Private equity index down for second consecutive quarter

Private equity funds generated an internal rate of return of -1.51% percent for the second quarter of 2008, according to the State Street Private Equity Index.

Private equity funds posted negative returns for the second consecutive quarter, according to data compiled by institutional investor adviser State Street.

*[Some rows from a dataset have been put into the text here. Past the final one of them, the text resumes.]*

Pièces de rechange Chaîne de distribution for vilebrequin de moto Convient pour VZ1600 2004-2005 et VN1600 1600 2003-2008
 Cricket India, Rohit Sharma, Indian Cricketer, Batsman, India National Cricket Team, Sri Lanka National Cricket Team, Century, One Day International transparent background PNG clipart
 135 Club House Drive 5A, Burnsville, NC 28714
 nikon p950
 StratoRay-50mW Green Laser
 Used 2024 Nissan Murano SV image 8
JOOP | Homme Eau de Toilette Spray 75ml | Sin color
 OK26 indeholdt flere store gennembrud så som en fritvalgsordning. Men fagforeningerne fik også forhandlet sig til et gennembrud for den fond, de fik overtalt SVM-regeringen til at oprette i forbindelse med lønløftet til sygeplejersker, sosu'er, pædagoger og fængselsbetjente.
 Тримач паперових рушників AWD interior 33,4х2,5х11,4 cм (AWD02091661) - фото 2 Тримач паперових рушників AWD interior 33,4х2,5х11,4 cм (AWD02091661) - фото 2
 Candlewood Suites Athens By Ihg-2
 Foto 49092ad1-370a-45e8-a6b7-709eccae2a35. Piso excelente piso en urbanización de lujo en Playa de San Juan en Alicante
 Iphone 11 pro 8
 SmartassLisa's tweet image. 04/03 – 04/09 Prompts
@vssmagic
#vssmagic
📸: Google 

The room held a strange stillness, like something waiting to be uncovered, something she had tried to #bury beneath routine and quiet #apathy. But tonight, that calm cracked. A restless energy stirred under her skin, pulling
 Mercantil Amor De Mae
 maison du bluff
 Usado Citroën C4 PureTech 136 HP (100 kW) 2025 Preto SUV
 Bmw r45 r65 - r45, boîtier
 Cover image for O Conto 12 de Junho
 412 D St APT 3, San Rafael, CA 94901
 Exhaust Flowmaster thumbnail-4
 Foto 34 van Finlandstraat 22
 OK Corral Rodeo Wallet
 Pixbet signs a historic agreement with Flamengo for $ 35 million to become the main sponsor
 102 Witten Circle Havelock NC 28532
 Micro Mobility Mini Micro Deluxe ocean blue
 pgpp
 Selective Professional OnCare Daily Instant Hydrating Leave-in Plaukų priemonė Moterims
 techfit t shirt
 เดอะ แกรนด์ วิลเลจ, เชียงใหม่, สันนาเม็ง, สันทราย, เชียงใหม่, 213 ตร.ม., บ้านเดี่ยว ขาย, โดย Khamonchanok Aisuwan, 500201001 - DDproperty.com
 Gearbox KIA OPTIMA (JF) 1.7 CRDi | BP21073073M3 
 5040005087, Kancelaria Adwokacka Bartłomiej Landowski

The State Street Private Equity Index, which includes more than 1,400 private equity partnerships with a total fund size of $1.3 trillion, posted an internal rate of return of -1.5 percent for the second quarter of 2008, dropping from a -0.9 percent return for the first quarter.
 
Those quarters mark the first back-to-back losses the index has posted for investors since the downturn from October 2000 through March 2003, which resulted in an ultimate index drawdown of 31.5 percent and took seven quarters to reverse, according to State Street. However, private equity’s returns over that period still beat the performance of the S&P 500, which dropped 44.7 percent.

The index also revealed long-term internal rates of return by major private equity strategy, with buyouts leading all strategies at 14.9 percent IRR. Venture capital returned 13.1 percent, while those strategies the index defined as “other” returned 12.4 percent over the long-term.

International funds also beat out US-focused funds, returning 19.2 percent and 13.6 percent, respectively.